Saturday, July 28, 2007

Blogging Again

As you may already have guessed life has been incredibly busy hence the long silence from me on my blog. There just are not enough hours in the day any more.

Where to begin?

Well, baby (I’ll refer to her as G from henceforth) is now nine weeks old – yeah I know I can barely believe it myself! – and she is just the cutest thing on this planet. However, she has recently developed a Jekyll and Hyde personality - switching between being a coo-ing angelic cherub one minute and a screaming banshee the next. To deal with this screaming persona I enlisted the help of a simple devise known as a dummy. My goodness, does it work like magic or what! I swore over my dead body that I would not give a dummy to my first daughter and I never did (fool that I was I now realise) and after initially taking the same stance with G I had to admit defeat after a particularly nasty screaming bout (there is nothing like a screaming baby to get your temperature rising and your teeth gnashing!) and rushed out to Boots to buy one and am I glad I did. Used sensibly and with discretion a dummy can be a life saver. It calms G instantly and the sucking seems to soothe her. I wish I had known this the first time around I would have saved myself a lot of stress and tears.

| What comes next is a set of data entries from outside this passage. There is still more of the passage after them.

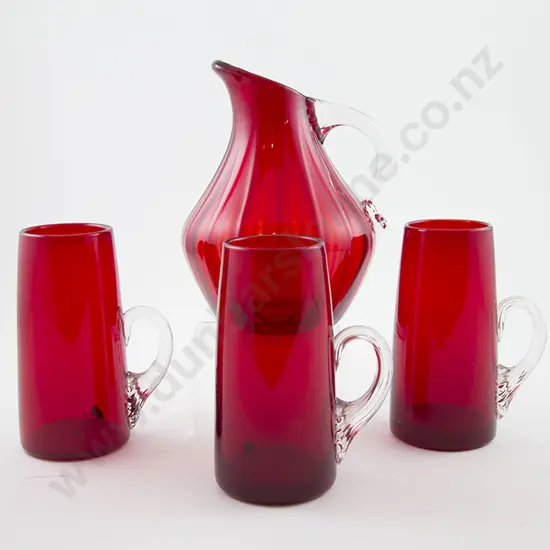 Whitefriars Ewer and Three Mugs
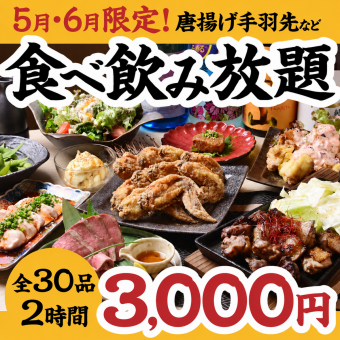 【食べ飲み放題】5・6限定!唐揚げ手羽先など含む全30品「エビス食べ飲み放題コース」3000円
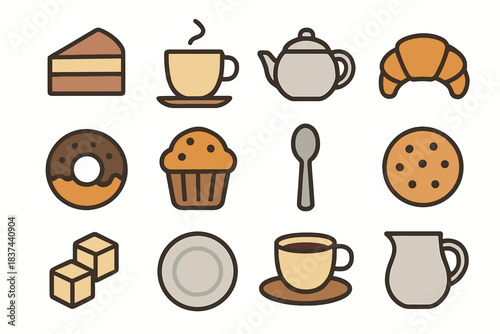 Donut vector sugar croissant cube coffee icon icons saucer shop plate cookie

But there is no doubt about it; I am enjoying being a mother more this time around than I did with my first. With my first child, it was a journey into the unknown and it felt, at the time, like I was travelling down a long dark tunnel with no light at the end of it. I felt trapped - like my life had come to an end. But as I look back nowI realise I suffered from baby blues.

This time around, experience has kicked in. I know what to expect and I am more relaxed about the little things I used to get so worked up over the first time around. I am much more in control and feel a lot more confident about my mothering skills. I have accepted the fact that a task that would normally take me half an hour to complete (like blogging) now takes me the whole day because I have to keep stopping midway to attend to G. Most importantly, I know whatever phase G is going through will pass so I try as much as possible to enjoy the moment. Of course from time to time I blow a gasket (I am only human afterall) but it's short lived and I take a deep breath and life goes on.

Hopefully, I am now sufficiently back on track to begin blogging more regularly again – I’ve missed it and boy do I have loads to blog about.